Scentre Group’s Westfield shopping centres reported record retail sales of $28.4 billion in 2023, marking a $1.7 billion increase compared to the previous year. An interesting result despite a slowdown in consumer spending, perhaps this reflects resilience in the group’s tenant categories.

The surge in sales, up by 6.4%, likely influenced by both organic growth and inflationary effects on goods sold, contributed to a 5.2% rise in funds from operations (FFO) to $1.09 billion for the fiscal year ending December. So far, full year distribution amounted to 16.6¢ per security, up 5.4%.

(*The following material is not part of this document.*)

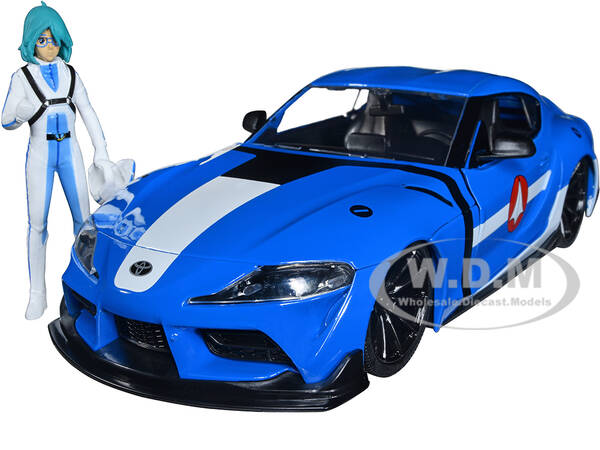 2020 Toyota Supra Blue with Graphics and Max Sterling Diecast Figurine \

Increased foot traffic, up by 6.7% across Scentre’s centres, and high demand for retail space drove occupancy rates to 99.2%, up from 98.9% the previous year.  We also note a worthy improvement in leasing spreads, which went from -3.6% 12 months ago to +3.1%. This indicates a notable positive shift in the rental rates achieved on new leases compared to expiring leases within its portfolio of shopping centres and malls.

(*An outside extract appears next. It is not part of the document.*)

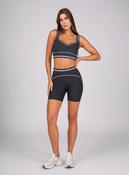 Black Two Piece Gym Set Sports Bra &amp; High Waist Shorts Co-Ord image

Throughout the year, Scentre completed 3,273 leasing deals, adding 307 new brands to its portfolio, comprising 42 Westfield retail centres in Australia and New Zealand.

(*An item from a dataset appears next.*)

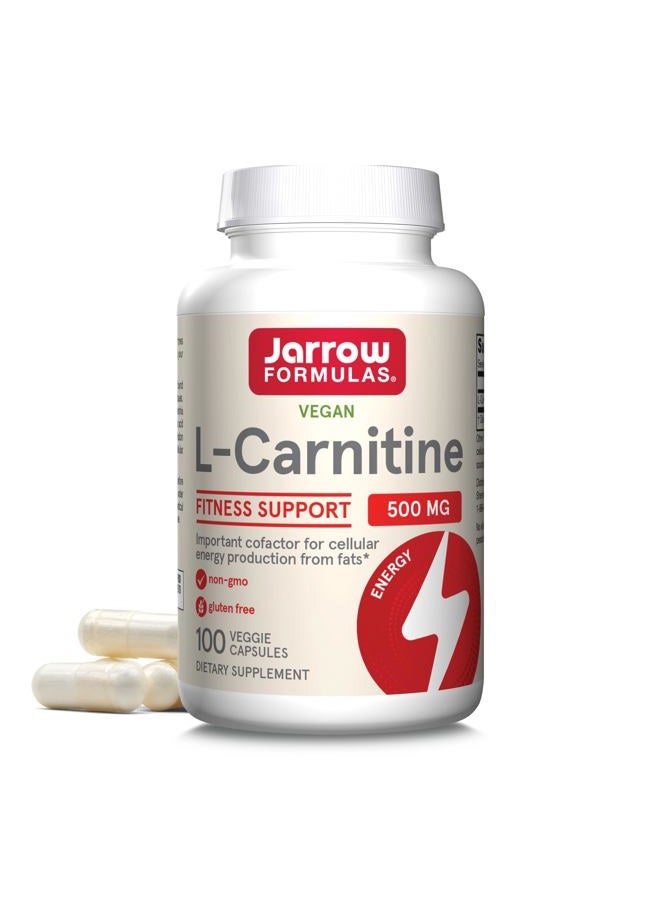 jarrow formulas L-Carnitine 500 mg, Dietary Supplement, Support for Cellular Energy Production, 100 Veggie Capsules, 100 Day Supply - Image 1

Expansion projects, like the completion of the final stage of Westfield Knox in Melbourne and ongoing developments at Westfield Sydney, aim to enhance retail offerings and customer experiences.

Strategic partnerships with brands like Disney, Live Nation, and Netball Australia, along with initiatives like the Westfield membership program, contributed to increased customer visitation, reaching 512 million for the year, up 6.7% from 2022.

Scentre Group anticipates continued growth, with a focus on creating exceptional retail destinations and experiences, supported by a $4 billion pipeline of retail development opportunities.

The group targets a FFO range of 21.75¢ to 22.25¢ per security for 2024, reflecting a 3 to 5.4% increase over the previous year, and expects distributions of at least 17.2 cents per security for 2024.

Write-Downs

That aside, management brought attention to the fact that there was almost $1.1 billion in write-downs, representing a -1.9% valuation decline. This significant figure indicates a downward adjustment in the value of the company’s assets, primarily its portfolio of shopping centres and malls.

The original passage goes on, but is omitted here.